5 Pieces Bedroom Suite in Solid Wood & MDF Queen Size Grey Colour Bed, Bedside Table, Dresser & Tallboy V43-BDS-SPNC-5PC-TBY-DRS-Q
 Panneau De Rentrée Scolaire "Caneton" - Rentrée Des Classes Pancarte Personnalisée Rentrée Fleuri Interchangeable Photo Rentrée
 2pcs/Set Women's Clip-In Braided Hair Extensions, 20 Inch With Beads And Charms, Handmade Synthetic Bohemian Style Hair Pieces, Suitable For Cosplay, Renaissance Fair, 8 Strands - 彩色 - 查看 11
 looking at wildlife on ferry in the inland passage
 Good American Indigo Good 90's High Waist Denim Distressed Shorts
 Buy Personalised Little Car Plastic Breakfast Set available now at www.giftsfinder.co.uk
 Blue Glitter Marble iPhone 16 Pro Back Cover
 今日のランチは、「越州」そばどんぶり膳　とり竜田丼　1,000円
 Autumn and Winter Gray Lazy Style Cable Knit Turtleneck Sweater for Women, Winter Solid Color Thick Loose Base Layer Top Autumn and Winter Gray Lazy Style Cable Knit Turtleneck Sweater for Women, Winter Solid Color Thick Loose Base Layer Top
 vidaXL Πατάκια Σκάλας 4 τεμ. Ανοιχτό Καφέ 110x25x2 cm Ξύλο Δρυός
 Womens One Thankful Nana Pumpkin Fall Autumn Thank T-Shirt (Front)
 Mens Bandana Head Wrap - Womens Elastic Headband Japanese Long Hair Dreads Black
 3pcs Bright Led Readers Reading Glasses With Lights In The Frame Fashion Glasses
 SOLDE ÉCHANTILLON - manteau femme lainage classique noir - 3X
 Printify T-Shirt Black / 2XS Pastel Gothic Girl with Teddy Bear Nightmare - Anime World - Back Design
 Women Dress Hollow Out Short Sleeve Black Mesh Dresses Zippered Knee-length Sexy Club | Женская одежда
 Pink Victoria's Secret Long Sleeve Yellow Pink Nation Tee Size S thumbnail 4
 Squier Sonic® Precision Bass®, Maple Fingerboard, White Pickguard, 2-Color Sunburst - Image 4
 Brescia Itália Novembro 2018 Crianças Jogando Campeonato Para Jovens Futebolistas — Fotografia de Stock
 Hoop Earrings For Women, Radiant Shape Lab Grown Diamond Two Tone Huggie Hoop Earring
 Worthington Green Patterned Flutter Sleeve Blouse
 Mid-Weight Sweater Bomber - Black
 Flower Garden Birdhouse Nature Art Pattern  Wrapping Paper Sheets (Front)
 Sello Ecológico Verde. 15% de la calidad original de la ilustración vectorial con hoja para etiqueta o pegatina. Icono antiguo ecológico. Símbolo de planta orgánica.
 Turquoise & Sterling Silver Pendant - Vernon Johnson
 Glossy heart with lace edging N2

##########

Work request: Set down, exactly and completely, all of the material.

Solution to this exercise:
5 Pieces Bedroom Suite in Solid Wood & MDF Queen Size Grey Colour Bed, Bedside Table, Dresser & Tallboy V43-BDS-SPNC-5PC-TBY-DRS-Q
 Panneau De Rentrée Scolaire "Caneton" - Rentrée Des Classes Pancarte Personnalisée Rentrée Fleuri Interchangeable Photo Rentrée
 2pcs/Set Women's Clip-In Braided Hair Extensions, 20 Inch With Beads And Charms, Handmade Synthetic Bohemian Style Hair Pieces, Suitable For Cosplay, Renaissance Fair, 8 Strands - 彩色 - 查看 11
 looking at wildlife on ferry in the inland passage
 Good American Indigo Good 90's High Waist Denim Distressed Shorts
 Buy Personalised Little Car Plastic Breakfast Set available now at www.giftsfinder.co.uk
 Blue Glitter Marble iPhone 16 Pro Back Cover
 今日のランチは、「越州」そばどんぶり膳　とり竜田丼　1,000円
 Autumn and Winter Gray Lazy Style Cable Knit Turtleneck Sweater for Women, Winter Solid Color Thick Loose Base Layer Top Autumn and Winter Gray Lazy Style Cable Knit Turtleneck Sweater for Women, Winter Solid Color Thick Loose Base Layer Top
 vidaXL Πατάκια Σκάλας 4 τεμ. Ανοιχτό Καφέ 110x25x2 cm Ξύλο Δρυός
 Womens One Thankful Nana Pumpkin Fall Autumn Thank T-Shirt (Front)
 Mens Bandana Head Wrap - Womens Elastic Headband Japanese Long Hair Dreads Black
 3pcs Bright Led Readers Reading Glasses With Lights In The Frame Fashion Glasses
 SOLDE ÉCHANTILLON - manteau femme lainage classique noir - 3X
 Printify T-Shirt Black / 2XS Pastel Gothic Girl with Teddy Bear Nightmare - Anime World - Back Design
 Women Dress Hollow Out Short Sleeve Black Mesh Dresses Zippered Knee-length Sexy Club | Женская одежда
 Pink Victoria's Secret Long Sleeve Yellow Pink Nation Tee Size S thumbnail 4
 Squier Sonic® Precision Bass®, Maple Fingerboard, White Pickguard, 2-Color Sunburst - Image 4
 Brescia Itália Novembro 2018 Crianças Jogando Campeonato Para Jovens Futebolistas — Fotografia de Stock
 Hoop Earrings For Women, Radiant Shape Lab Grown Diamond Two Tone Huggie Hoop Earring
 Worthington Green Patterned Flutter Sleeve Blouse
 Mid-Weight Sweater Bomber - Black
 Flower Garden Birdhouse Nature Art Pattern  Wrapping Paper Sheets (Front)
 Sello Ecológico Verde. 15% de la calidad original de la ilustración vectorial con hoja para etiqueta o pegatina. Icono antiguo ecológico. Símbolo de planta orgánica.
 Turquoise & Sterling Silver Pendant - Vernon Johnson
 Glossy heart with lace edging N2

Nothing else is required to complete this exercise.